Wladimir Sousa, descrevia Renata entre aperreada e feliz, até ali era um milagre. Tinha diabetes, pressão alta e entrou tossindo e “querendo ficar sem o ar”. Antes, a esposa o levou às pressas do bairro do Barroso II para a UPA do Zé Walter. Deu entrada no feriado de 1º de Maio e, dois dias depois, foi transferido para o Leonardo Da Vinci.

"O trem que chega é o mesmo trem da partida..."

“Me disseram que sairá em duas semanas. Deus queira! Meus dois filhos estão isolados e eu noutra casa. Vamos esperar, né!”, desejou e apressou o passo para ir embora naquele fim de tarde do dia 5 de maio deste ano da pandemia no Ceará.

FORTALEZA-CE, BRASIL, 05-05-2020: Socorristas retiram da ambulância paciente transferida de uma UPA para o Hospital Leonardo Da VInci. Movimentação em frente ao hospital Leonardo Da VInci. ( Foto: Júlio Caesar / O Povo)(Foto: JÚLIO CAESAR)
Foto: JÚLIO CAESAR FORTALEZA-CE, BRASIL, 05-05-2020: Socorristas retiram da ambulância paciente transferida de uma UPA para o Hospital Leonardo Da VInci. Movimentação em frente ao hospital Leonardo Da VInci. ( Foto: Júlio Caesar / O Povo)

Tensão contínua

Às 15h15min, do interior da ambulância 128 do Serviço de Atendimento Móvel de Urgência (Samu), de Fortaleza, uma senhora bem idosa e miúda, enrolada num lençol rosa, era desembarcada para o isolamento do Leonardo Da Vinci. Entrou em cima de uma maca pela mesma porta do corredor onde os falecidos são retirados para os carros funerários.

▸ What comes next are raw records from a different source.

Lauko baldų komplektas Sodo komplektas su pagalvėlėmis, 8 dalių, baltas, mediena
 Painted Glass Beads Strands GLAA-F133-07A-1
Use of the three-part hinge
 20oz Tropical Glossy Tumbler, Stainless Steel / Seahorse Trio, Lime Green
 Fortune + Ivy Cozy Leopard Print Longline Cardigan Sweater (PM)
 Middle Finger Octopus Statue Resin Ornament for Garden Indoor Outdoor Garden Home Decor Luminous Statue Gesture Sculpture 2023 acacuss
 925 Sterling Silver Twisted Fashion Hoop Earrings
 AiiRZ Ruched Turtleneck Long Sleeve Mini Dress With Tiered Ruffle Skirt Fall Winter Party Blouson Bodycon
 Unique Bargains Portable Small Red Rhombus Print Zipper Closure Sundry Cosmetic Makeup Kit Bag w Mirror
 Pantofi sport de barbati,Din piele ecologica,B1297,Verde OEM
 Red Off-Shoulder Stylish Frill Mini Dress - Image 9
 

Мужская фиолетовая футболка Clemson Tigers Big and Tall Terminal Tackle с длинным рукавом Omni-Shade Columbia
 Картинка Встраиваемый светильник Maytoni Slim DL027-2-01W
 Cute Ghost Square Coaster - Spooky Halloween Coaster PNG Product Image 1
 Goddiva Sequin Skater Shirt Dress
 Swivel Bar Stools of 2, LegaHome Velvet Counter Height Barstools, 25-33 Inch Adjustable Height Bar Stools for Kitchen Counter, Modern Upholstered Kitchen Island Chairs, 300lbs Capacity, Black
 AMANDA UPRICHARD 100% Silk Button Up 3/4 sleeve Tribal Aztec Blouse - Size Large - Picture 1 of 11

Vinte e quatro minutos depois, outra ambulância, agora da rede privada, trazia um paciente da Unidade de Pronto Atendimento de Messejana. Rádio comunicador na mão, o vigilante do Hospital avisava que Celestino Pereira da Silva era mais um a se valer do socorro do Leonardo Da Vinci.

Na frente do hospital, que ocupa uma quadra quase toda na rua Rocha Lima entre Rui Barbosa e José Lourenço, na Aldeota, um vai e vem de gente querendo notícia de quem estava dentro, nos labirintos da Covid-19... Também um vigilante barrando a entrada... Familiares querendo “velar” seus mortos ou abraçar curados e agentes funerários esperando por finitudes.

"Tem gente que vai pra nunca mais... Tem gente que vem e quer voltar"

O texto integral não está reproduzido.